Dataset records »

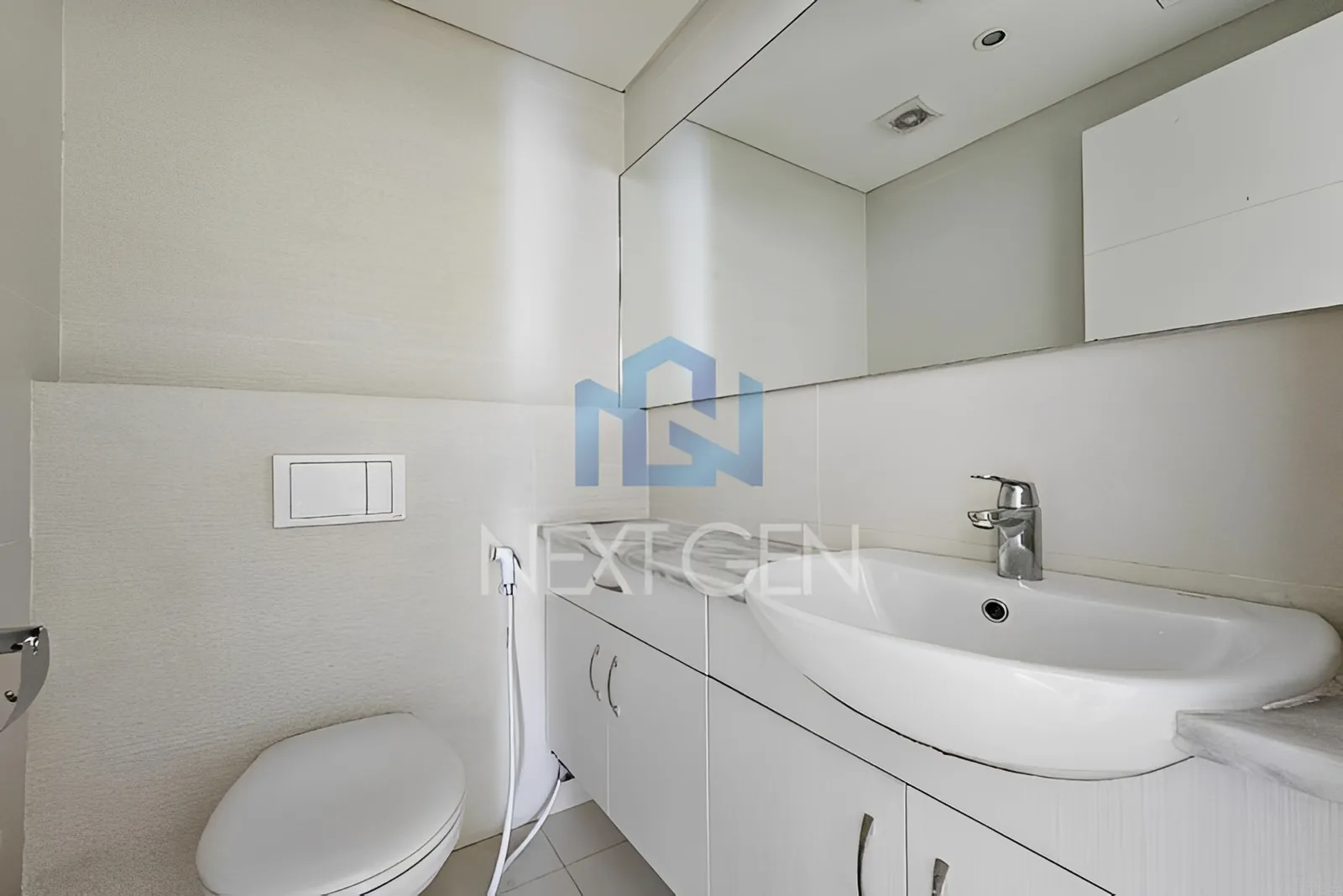 Apartment for Rent in Achrafieh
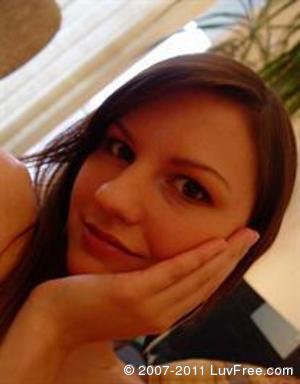 Mary54 - Nzdatezone.com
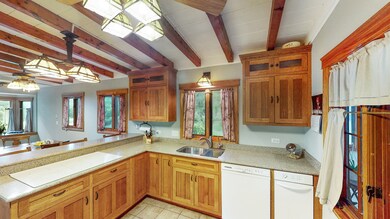 6022 Grove Rd, Oswego, IL 60543 - photo 7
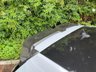 USED 2018 68 VOLKSWAGEN GOLF 2.0 GTI PERFORMANCE TSI DSG 5d 242 BHP MORE IN STOCK!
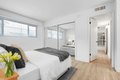 Additional image 15 of 520 Kelton Ave, Los Angeles, CA, 90024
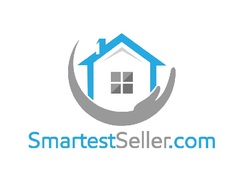Smartest Seller | We Buy Houses | Cash For Homes | Sell My House Fast - Albuquerque, NM, USA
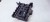 PODSTAWA AKUMULATORA AUDI A3 Q3 1K0915333H
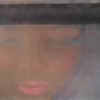 djbabysosh Altpins Profile Picture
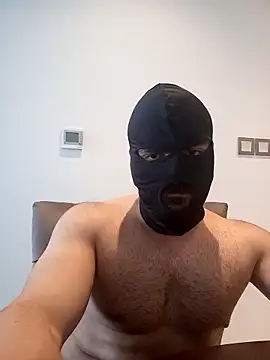 aidick10 online show from 03-06-26, 12:33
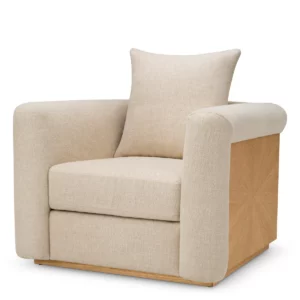 Chair Amadeo
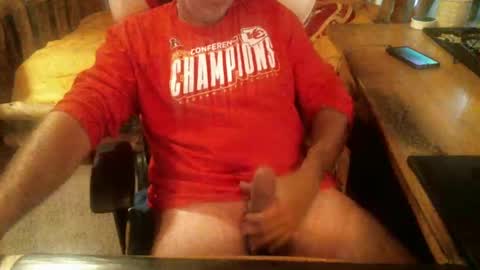 dabaatendae online show from September 23, 5:56 pm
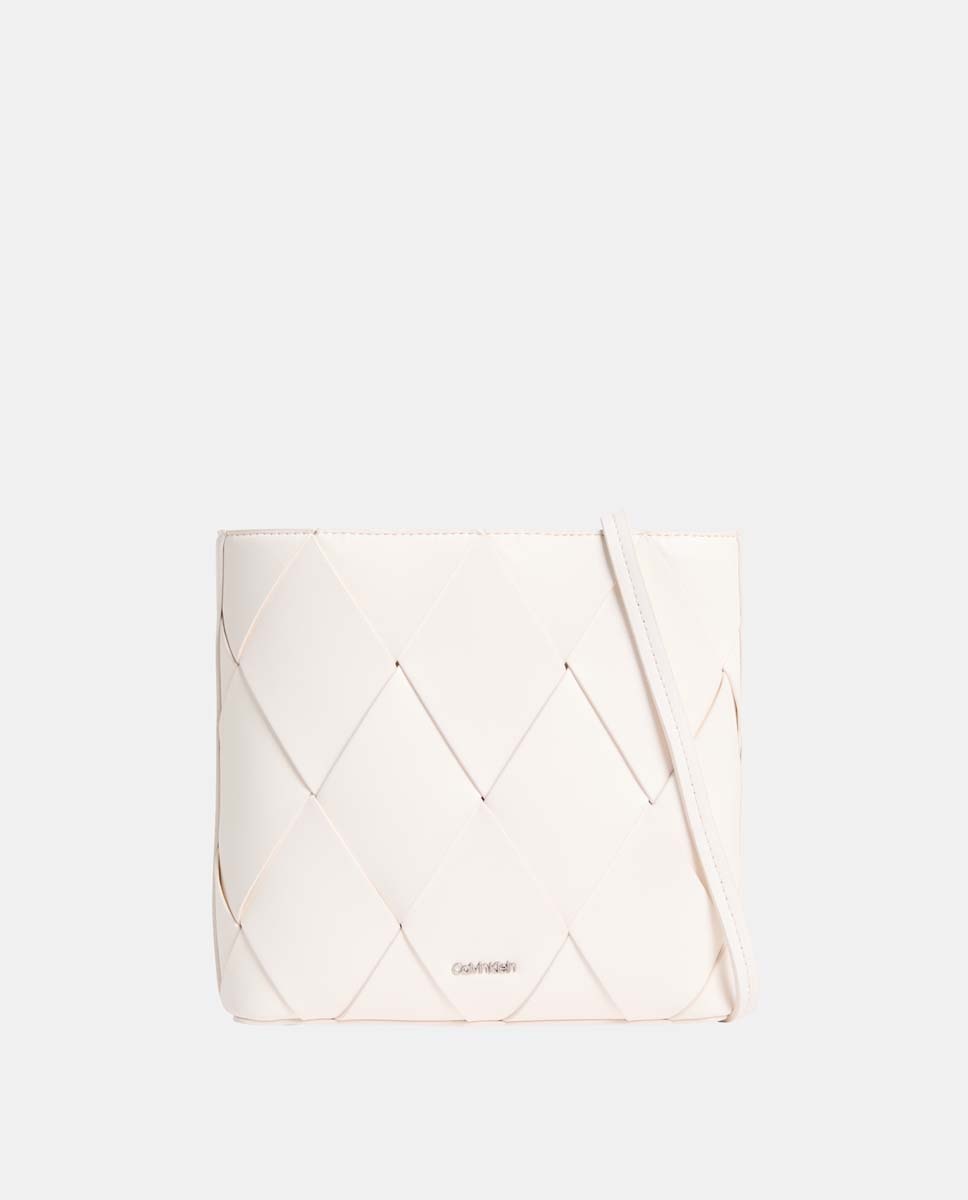 Imagen 0 de Bolso bandolera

HOW TO COMPLETE THIS TASK » Write out each line again, exactly as it appears above, except for any picture.

RESULT OF THIS TASK »
 Apartment for Rent in Achrafieh
 Mary54 - Nzdatezone.com
 6022 Grove Rd, Oswego, IL 60543 - photo 7
 USED 2018 68 VOLKSWAGEN GOLF 2.0 GTI PERFORMANCE TSI DSG 5d 242 BHP MORE IN STOCK!
 Additional image 15 of 520 Kelton Ave, Los Angeles, CA, 90024
Smartest Seller | We Buy Houses | Cash For Homes | Sell My House Fast - Albuquerque, NM, USA
 PODSTAWA AKUMULATORA AUDI A3 Q3 1K0915333H
 djbabysosh Altpins Profile Picture
 aidick10 online show from 03-06-26, 12:33
 Chair Amadeo
 dabaatendae online show from September 23, 5:56 pm
 Imagen 0 de Bolso bandolera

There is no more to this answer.